START LISTED ENTRIES
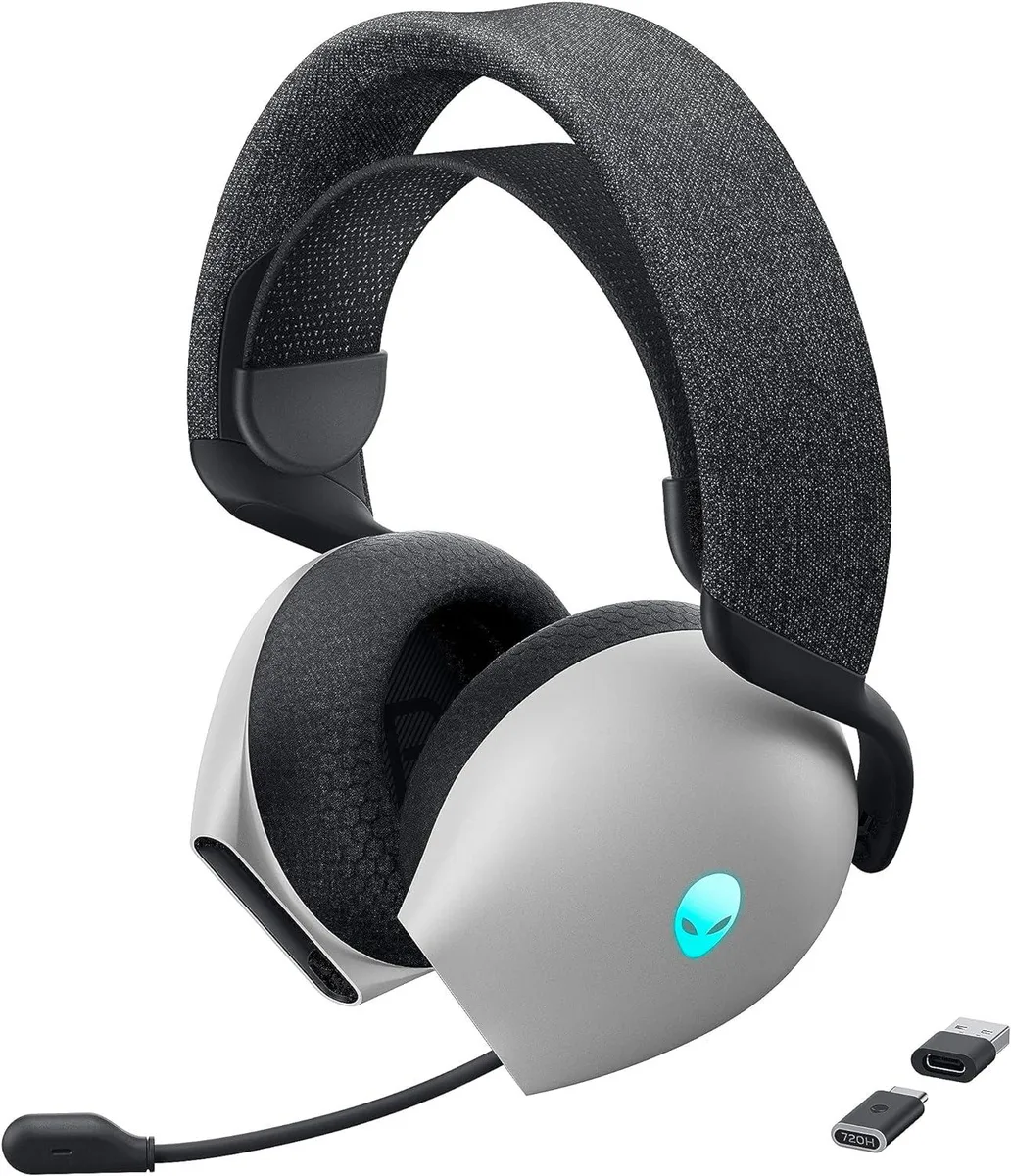 DELL DELL Alienware AW720H Dual-Mode Wireless Headset Lunar Light — product photo
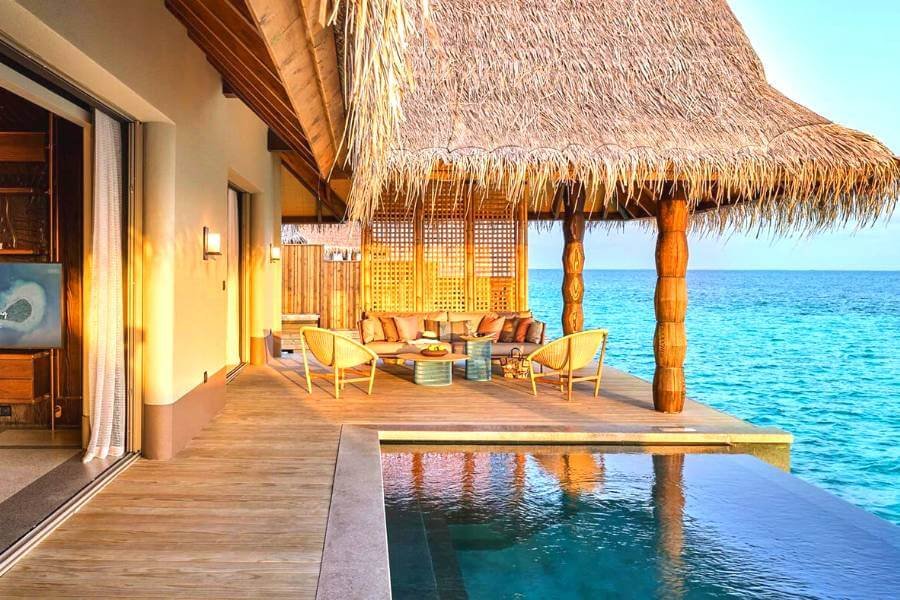 joali maldives all inclusive Luxury Water Villa With Pool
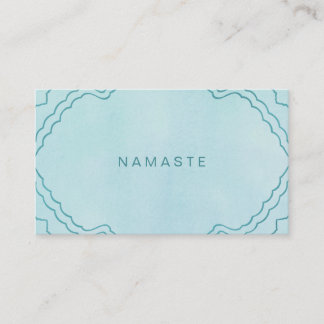 Tarjeta De Visita Maestra de Yoga con un Simple Nombre Verde Mint y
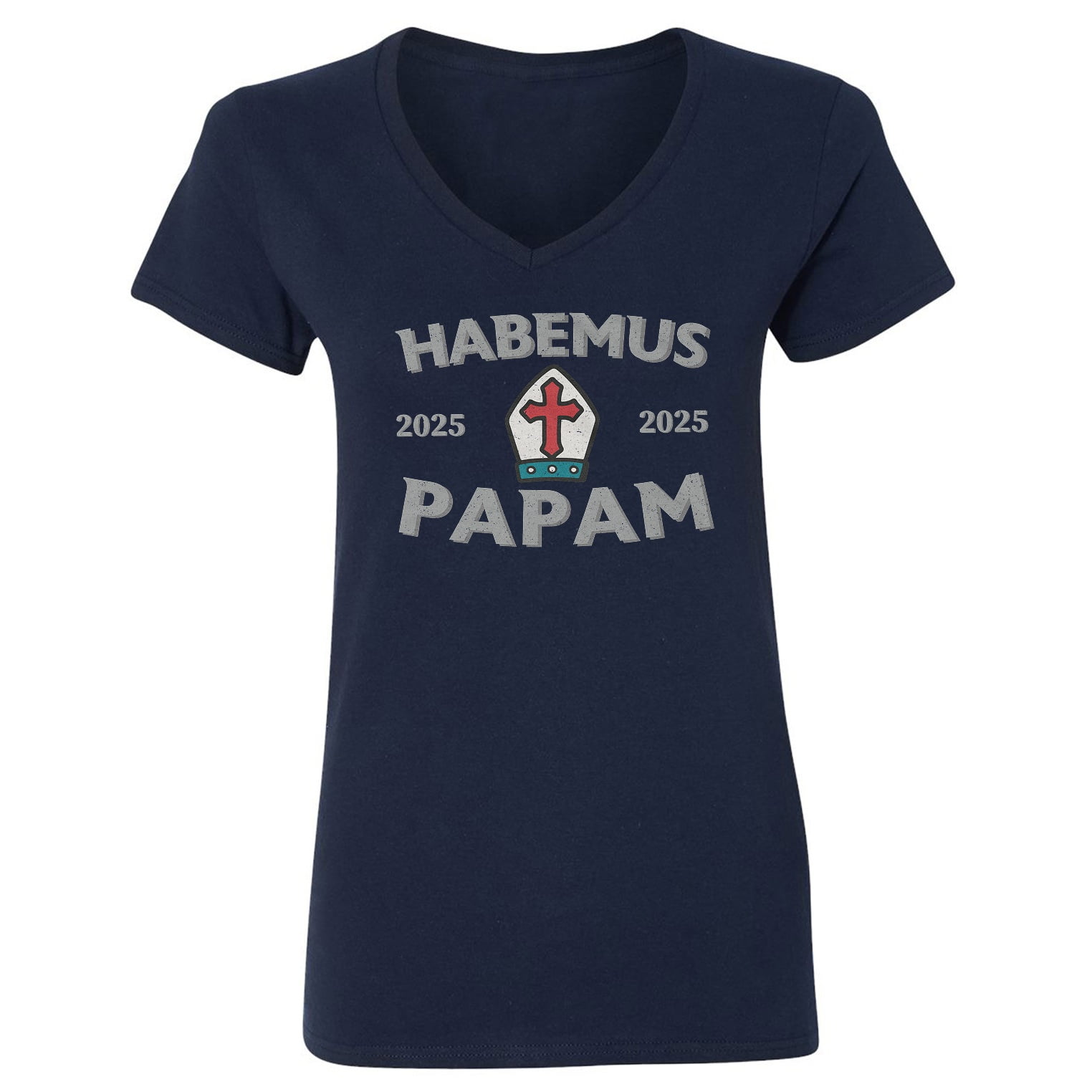 Habemus Papam 2025 - Pope Leo XIV Catholic Church Ladies' V-Neck Tshirt ...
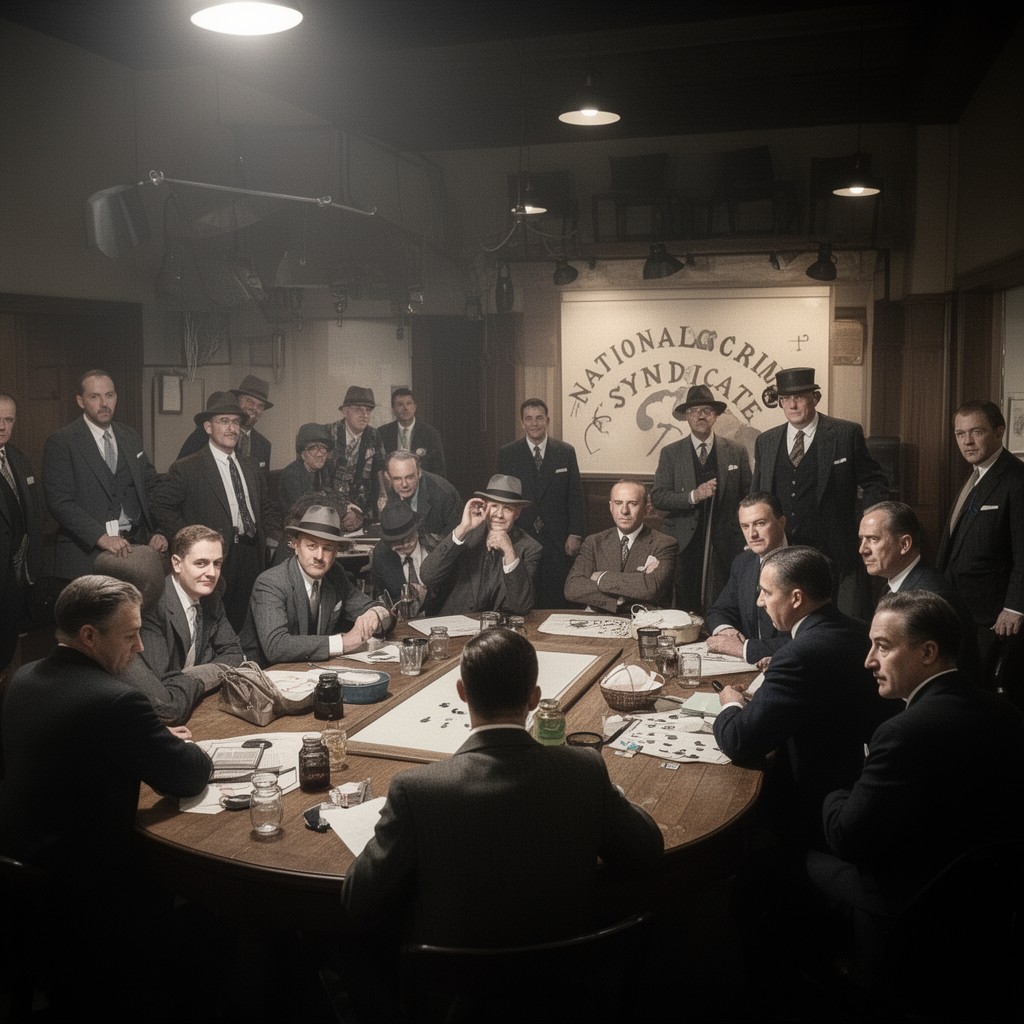 AI-generated illustration of National Crime Syndicate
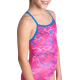Детский купальник Arena Girl's Daly Swimsuit Light Drop Back (003294-980) розовый размер 10-11 лет
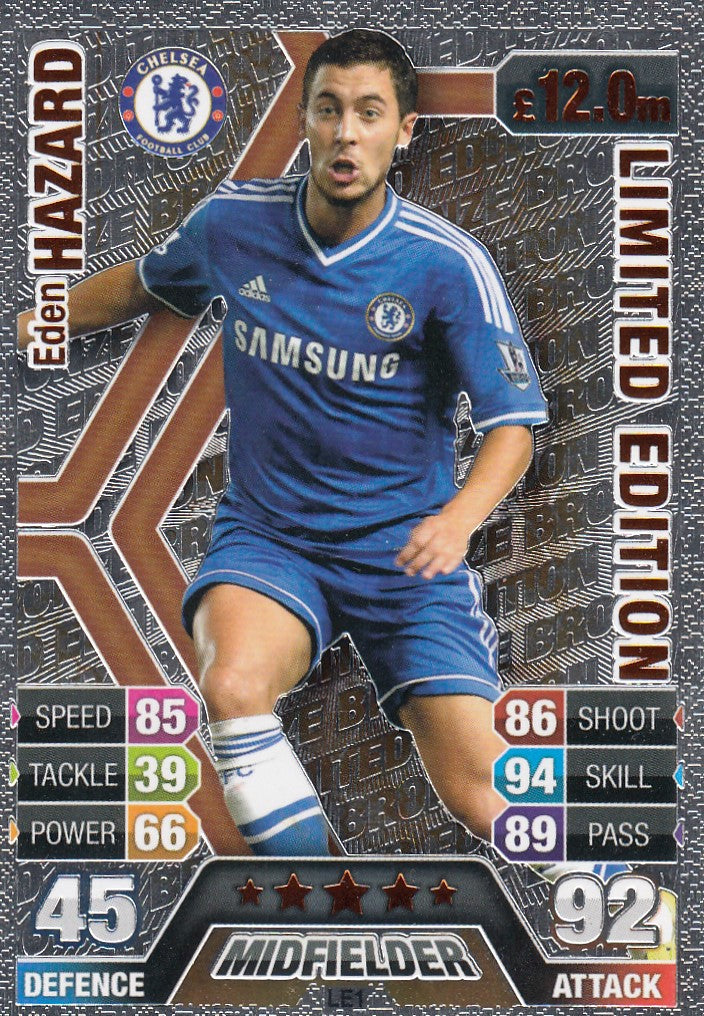 LE1 - EDEN HAZARD - CHELSEA - LIMITED EDITION BRONZE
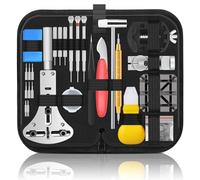 Singcci Kit de reparación de relojes, 151 piezas profesionales de repuesto de batería de reloj, herramienta de extracción de correa de reloj con funda de transporte e instrucciones (idioma español no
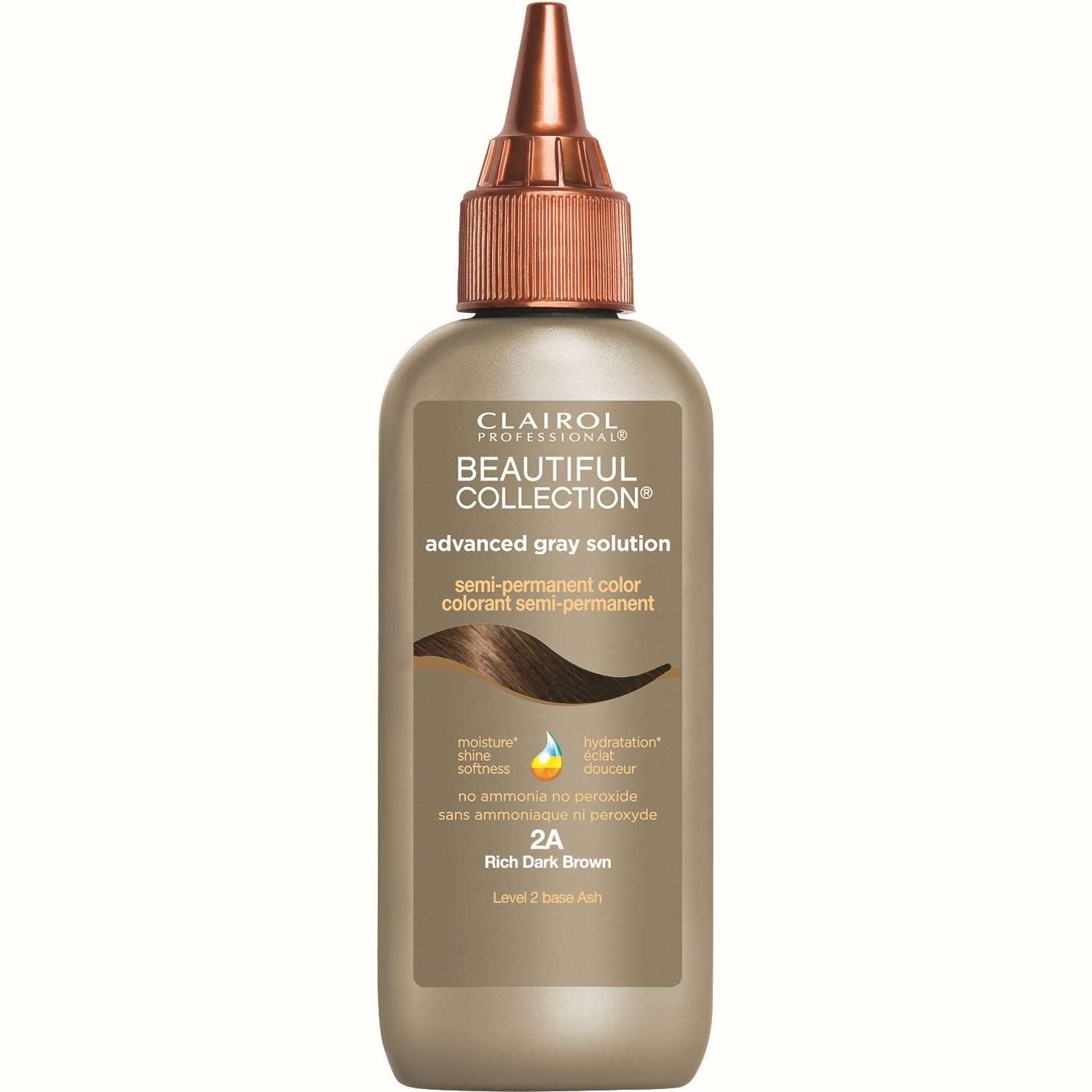 Beautiful Collection Advanced Gray Solution 2A Rich Dark Brown Beautiful Collection Advanced Gray Solution 2A Rich Dark Brown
END LISTED ENTRIES
Leave out every picture, and repeat word for word only the lines from the one holding "Tarjeta De Visita" through the end of the entries above, both ends included.

# ANSWER AREA
 Tarjeta De Visita Maestra de Yoga con un Simple Nombre Verde Mint y
 Habemus Papam 2025 - Pope Leo XIV Catholic Church Ladies' V-Neck Tshirt ...
 AI-generated illustration of National Crime Syndicate
Детский купальник Arena Girl's Daly Swimsuit Light Drop Back (003294-980) розовый размер 10-11 лет
 LE1 - EDEN HAZARD - CHELSEA - LIMITED EDITION BRONZE
 Singcci Kit de reparación de relojes, 151 piezas profesionales de repuesto de batería de reloj, herramienta de extracción de correa de reloj con funda de transporte e instrucciones (idioma español no
 Beautiful Collection Advanced Gray Solution 2A Rich Dark Brown Beautiful Collection Advanced Gray Solution 2A Rich Dark Brown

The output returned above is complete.